4th Chief Election Commissioner of Bangladesh
- In office 17 February 1990 – 24 December 1990
- President: Hussain Muhammad Ershad; Shahabuddin Ahmed;
- Prime Minister: Kazi Zafar Ahmed
- Preceded by: Chowdhury A. T. M. Masud
- Succeeded by: Mohammad Abdur Rouf

1st Chairman of Anti-Corruption Commission
- In office 23 February 2004 – 8 February 2007
- Appointed by: Iajuddin Ahmed
- President: Iajuddin Ahmed
- Preceded by: position created
- Succeeded by: Hasan Mashhud Chowdhury

Personal details
- Died: 5 July 2015 Square Hospital, Dhaka, Bangladesh.

= Sultan Hossain Khan =

Bangladeshi Judge

Sultan Hossain Khan (died 2015) was a Bangladeshi judge and the chief election commissioner of Bangladesh. He was the chairperson of the Anti-Corruption Commission and Bangladesh Press Council.

== Career ==
From 17 February 1990 to 24 December 1990, Khan served as the chief election commissioner of Bangladesh. He oversaw the first democratic election in Bangladesh after military dictator Hussain Mohammad Ershad was overthrown by a popular revolt in 1990. He led the investigation of the Logang massacre in 1992 in the Chittagong Hill Tracts.
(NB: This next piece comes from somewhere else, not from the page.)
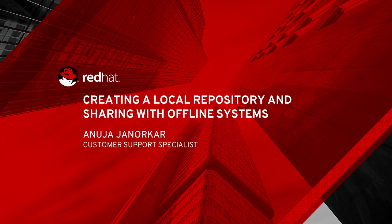Hello, my name is Anuja and I am a part of CSS team. This video is about creating a local repository and sharing it with the offline systems.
Khan was appointed the first chairperson of the newly formed Anti-Corruption Commission in 2004. His appointment was challenged by Bangladesh Supreme Court lawyer Aminul Haque Helal in court. On 8 February 2007, Khan resigned following a request to do so by the president of Bangladesh, Iajuddin Ahmed.

Khan has served as the chairperson of Bangladesh Press Council.

== Death ==
Khan died at the age of 90 on 5 July 2015 at Square Hospital, Dhaka, Bangladesh.